第十章 魔王

10.1.王座にて


 黒い曇が空を覆い、雷が轟く。

 一つの落雷が獣に当たるが、それが心地がいいという風にギャッギャと騒いで鱗が輝いた。


 おどろおどろしい紫色の川が流れ、遠くの方では青色の火山が噴火しているようだ。

 岩や土ばかりの荒野では弱肉強食の世界が広がっている。

 よくこんな場所で生活ができるなと感心しながら、一人の男性が窓の外を眺めていた。


 辺鄙へんぴな場所ではあるが、こんな所でも人は生活している。

 とはいえ人外に属する部類に入る者たちではあるが、会話が成り立つので人と認識しても問題はないだろう。

 そしてここの生活の住居となっているのは、巨大な城である。

 様々な姿をした兵士たちが巡回を行い、従者が食事や生活を手助けしたり、戦士たちが己の力を磨くために実戦形式の稽古を何度も行っている場所だ。


 多種多様の者たちはそれぞれ個性も異なっており、面白い技などを披露してくれる。

 可愛らしく、面白く、そして心強い家臣と兵士たちだ。


 優しげに笑った男性は、用意されていた紅茶を飲む。

 本当であれば緑茶が飲みたいところではあったが、こんな所で贅沢は言っていられない。

 しかし彼の口には合っていた様で、二度ほどのお代わりを侍女をしてくれている者に要求した。

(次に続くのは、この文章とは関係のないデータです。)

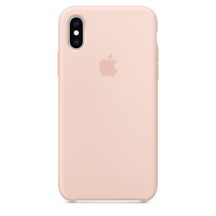 case-para-iphone-xs-apple-mtf82zm-a-silicone-areia-rosa-37719-1-min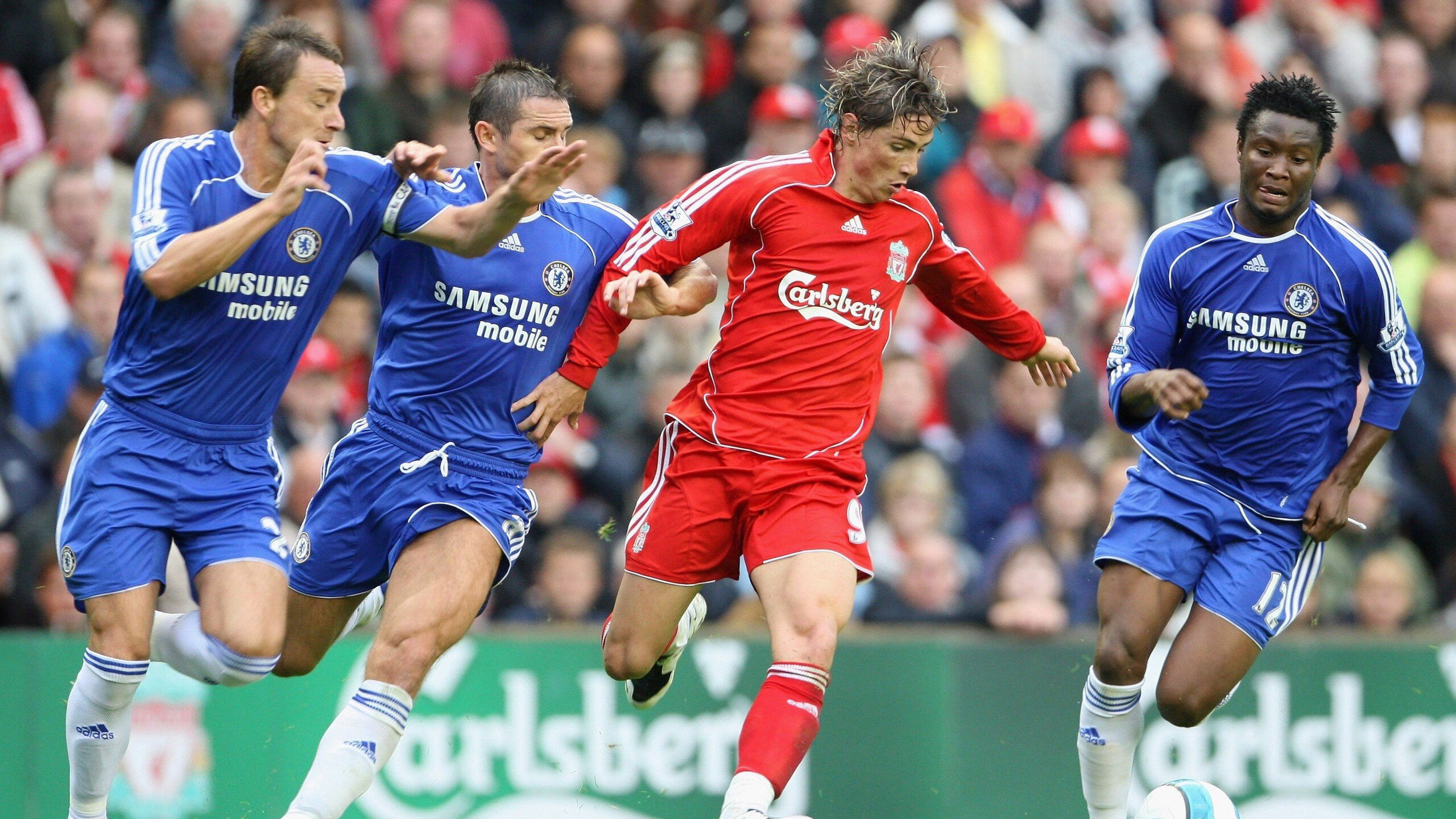 米兰体育官网-穿越火线 季后赛竞争白热化，穿越火线季后赛什么时候开始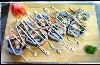 Kyoto Asian Street Food Clonmel
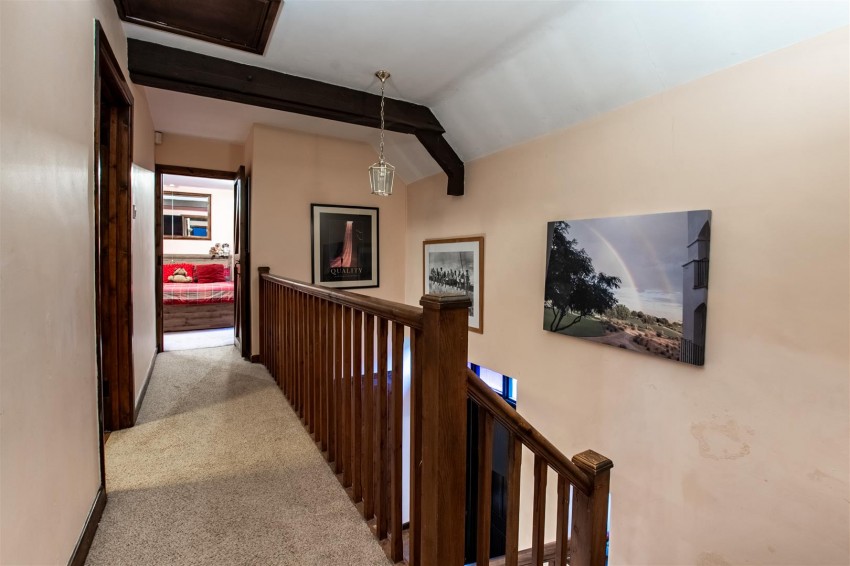 Images for Avon Valley Farm, Keynsham, Bristol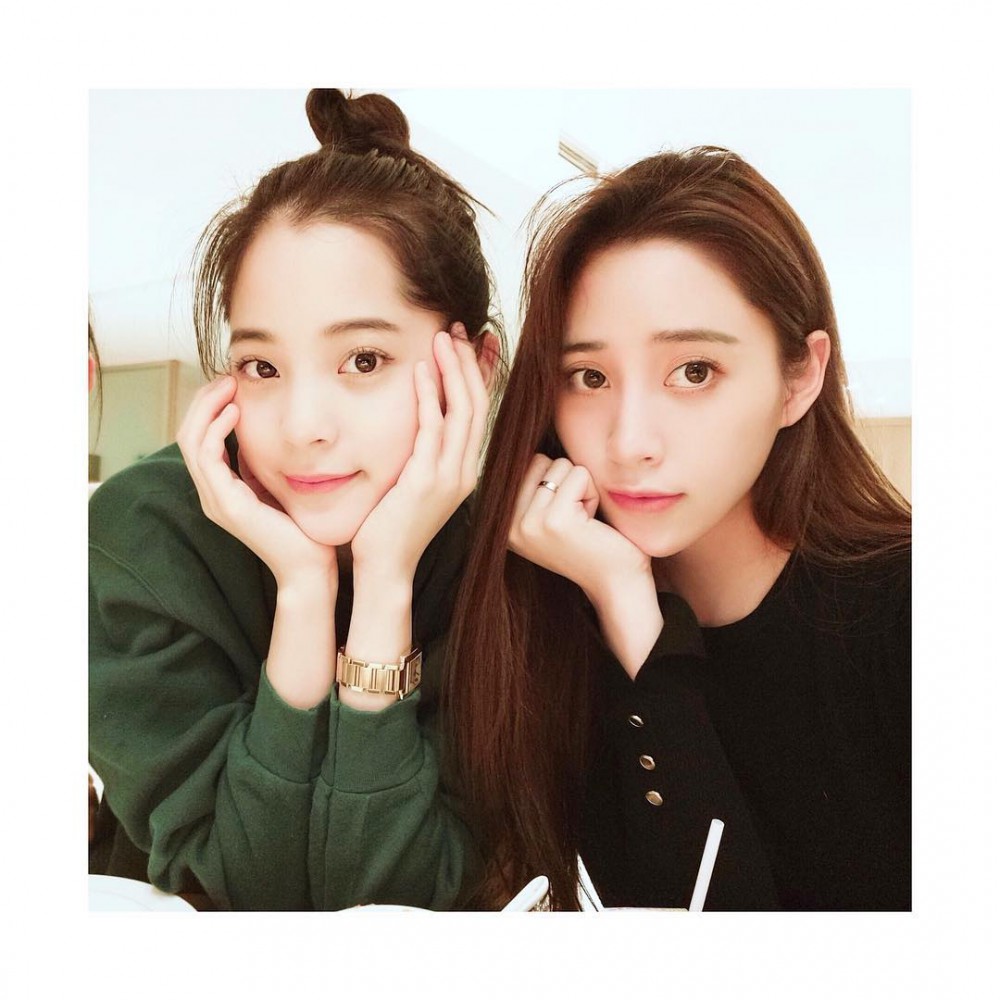 niniouyang_26156959_1126534170783485_6758278336159416320_n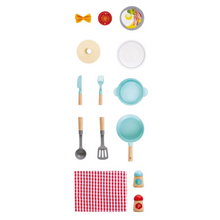 Translation missing: ms.sections.featured_product.gallery_thumbnail_alt
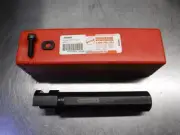 Manchester Tool Holder Ranger LH/RH CCW/CW3/4 235-203 NL8 107717411(LOC2115B)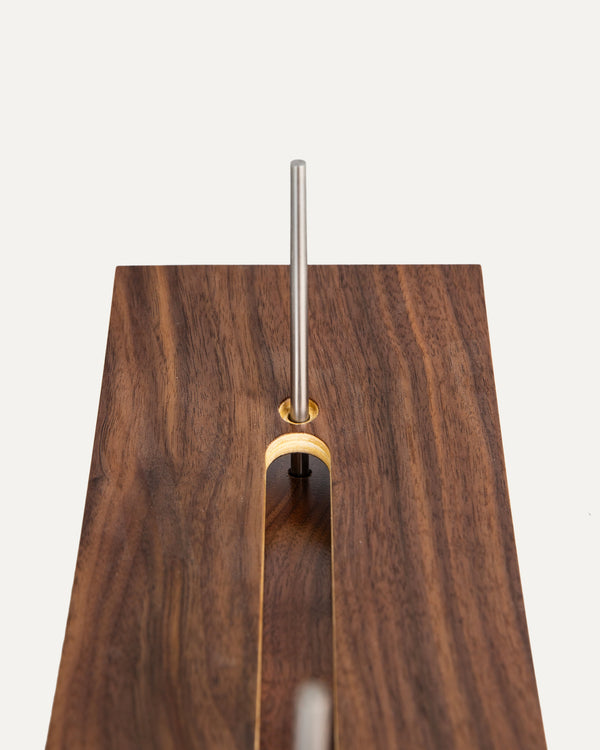 (OOM).04_TISSUE CLAMP. V2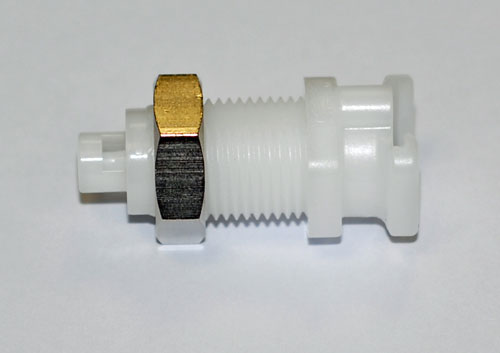 Quick-Coupling-116-Female-Bulkhead-wo-valve-&-clip-604-394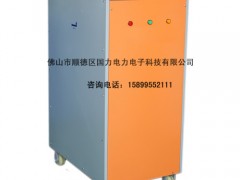 油浸水冷式可控硅整流器,可控硅整流柜 油浸水冷式可控硅整流器,可控硅整流柜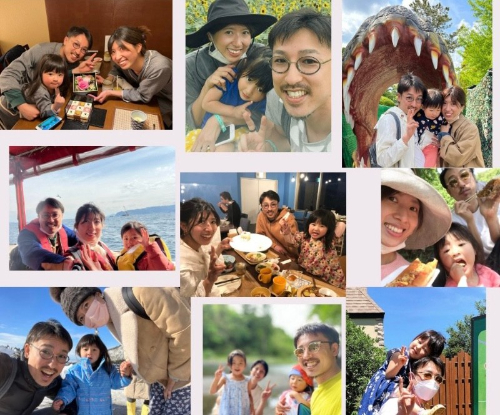 小川晋二郎さん家族.jpeg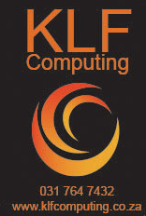 KLF Computing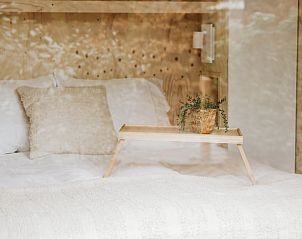 Guest house 3230156 - Holiday property Veluwe - Vakantiehuisje in Nunspeet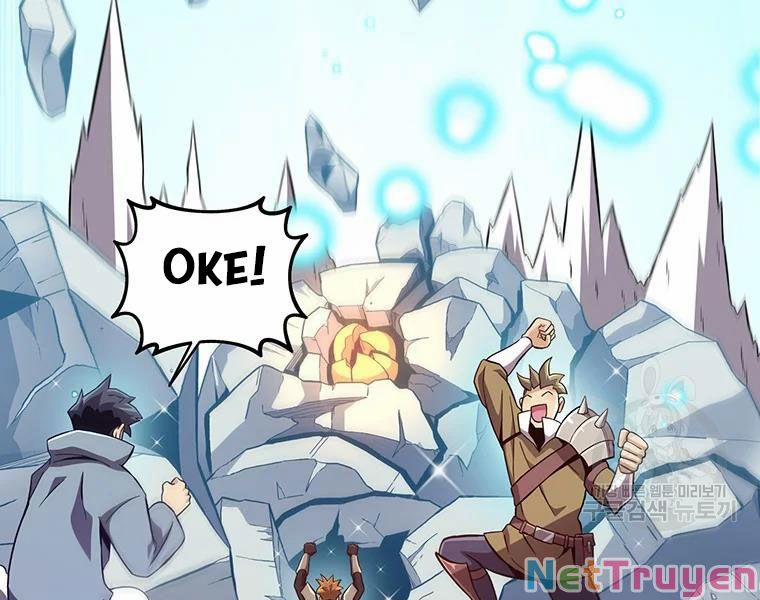 Arcane Sniper 53 trang 96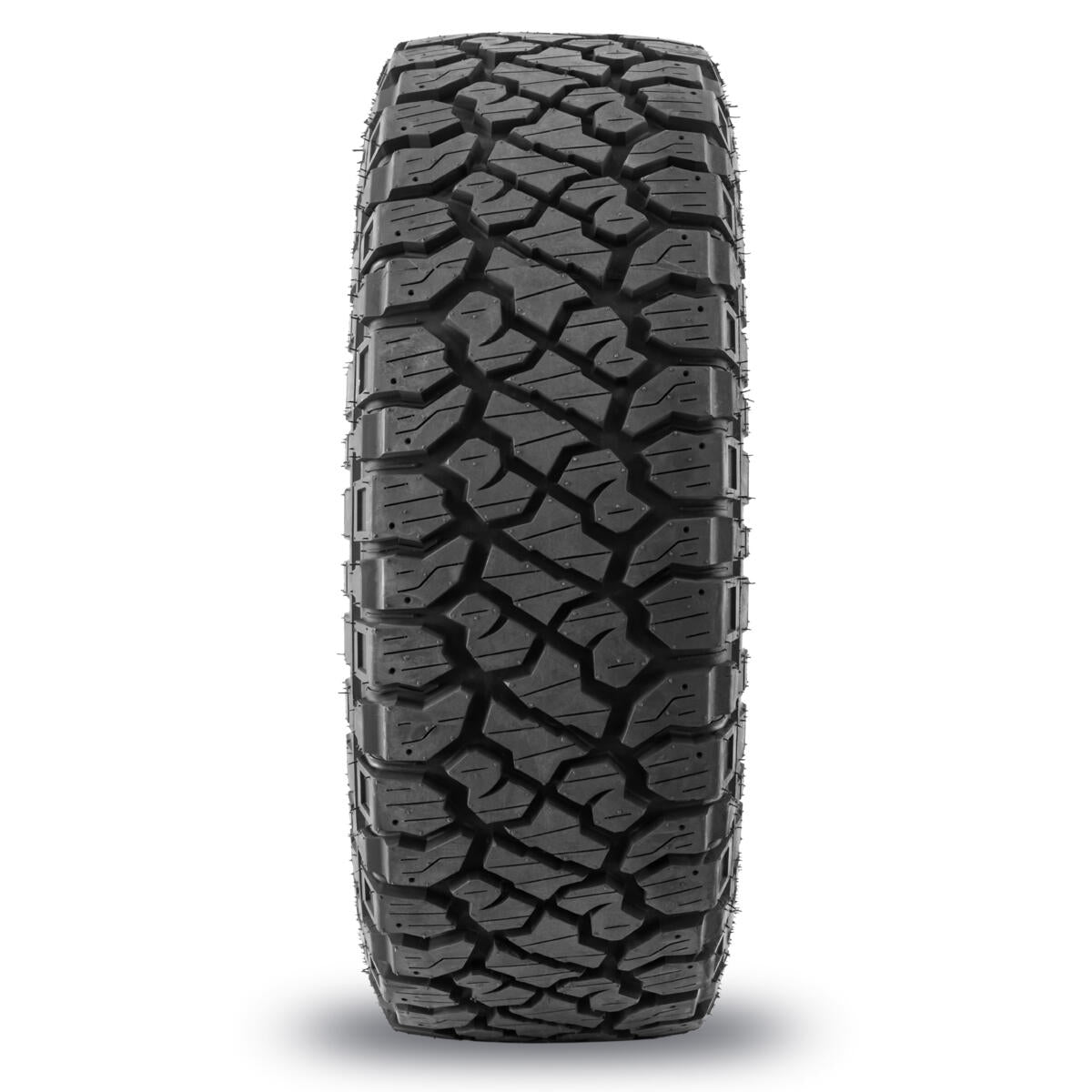 Kenda Klever R/T 285/65R18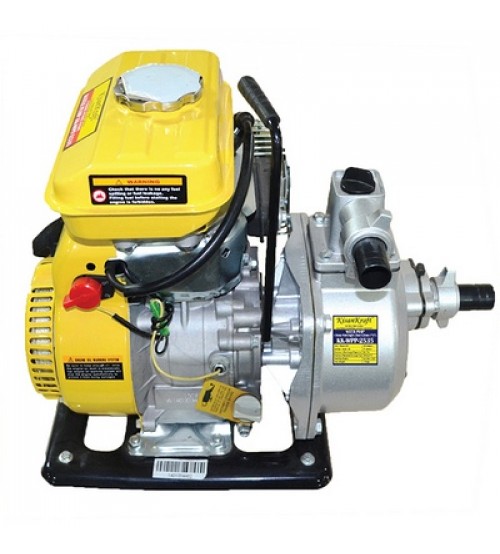 Really Agricultural Water Pump (RAPL-WP-98G)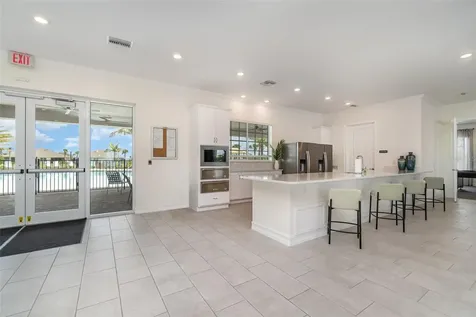 17776 Oleander Avenue Punta Gorda FL 33982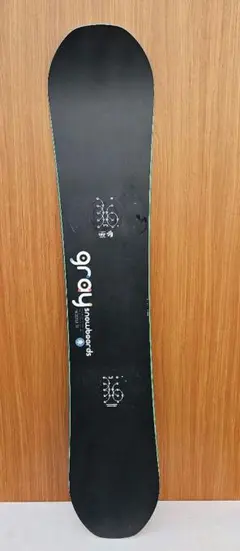 2026年最新】TRICKSTICK GRAYの人気アイテム - メルカリ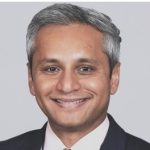 Prashant Hinge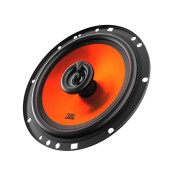 JBL STAGE1 GEN2 62
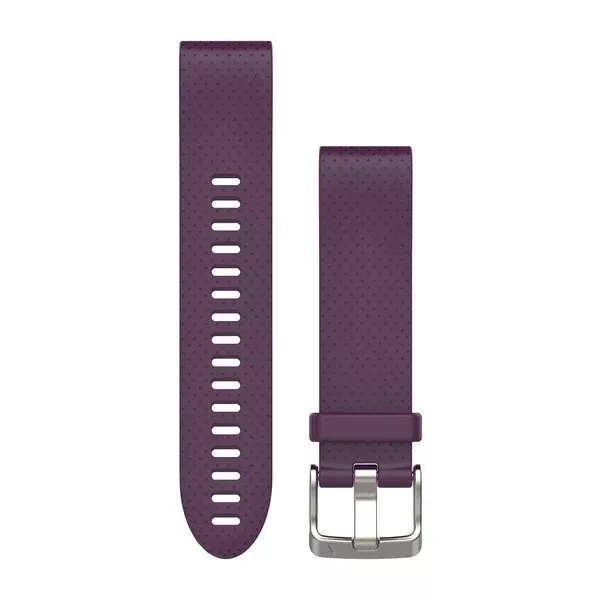 Quickfit 20mm Watch Band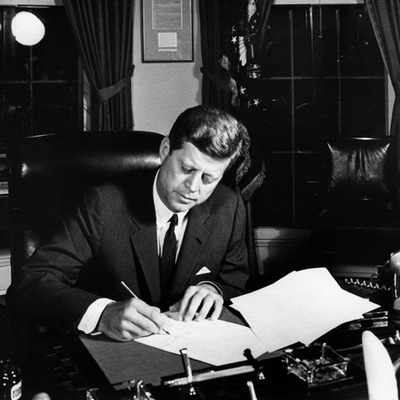 Timeline: Cuban Missile Crisis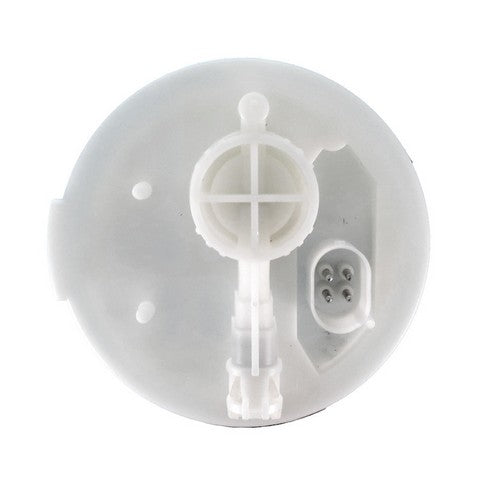 US Motor Works Fuel Pump Module Assembly P/N:USEP8478M Fits: Land Rover Discovery 04-00 - Image 4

 こうして生身の人が食べられるものを提供できるのも、彼らのお陰だ。

 少しばかり遠くに行かなければならないが、ここより良い土地がある。

 そこでは様々な農作物などを育てているらしく、こうしてこの城に貢物として持ってきてくれるのだ。

 なんともありがたい話である。


「ふぅ……」


 一息ついたところで、手元に用意された資料を眺める。

 自分が書いた文字なので読むことは可能だ。

 だがこれを完成させるのに多くの時間を要してしまった。

 必要な事なのではあるが、準備に酷く時間が掛かったのは不甲斐ない。


 そこにはこの城周辺の地図と、世界の地図がある。

 違う資料には兵士たちの個性や適性を記したものが整えて置かれていた。


 椅子に座る彼は、机に一振りの日本刀を立てかけてその資料とにらめっこをする。

 長い時間をここで過ごしたが為に、髪は長くなっており後ろで流していた。

 剃り上げていた前頭部にも髪の毛が生え、今ではここに居ても違和感はない。


 青と藍色が混じった和服を着て背筋を正している。

 それだけ見ても優雅な姿だと誰からも認識されるだろう。

 顔だちもよく、なにより優しそうな表情が声をかけてくる者の緊張を和らげてくれるようだ。


「ティッチィ!! あぶねぇだろうが!!」

「ひゃわわわわっ! ごご、ごめんなさぁい!」

「……」


 廊下から怒鳴り声が聞こえてきた。

 これはまた彼が後輩を虐めているのだろう。

 やれやれと思いながら、男は立ち上がって扉を開けた。


 廊下にいたのは茶菓子を持ってこようとしていた小さな子供だ。

 大きなお盆を小さな体で持ち運ぼうとしている姿は愛くるしい。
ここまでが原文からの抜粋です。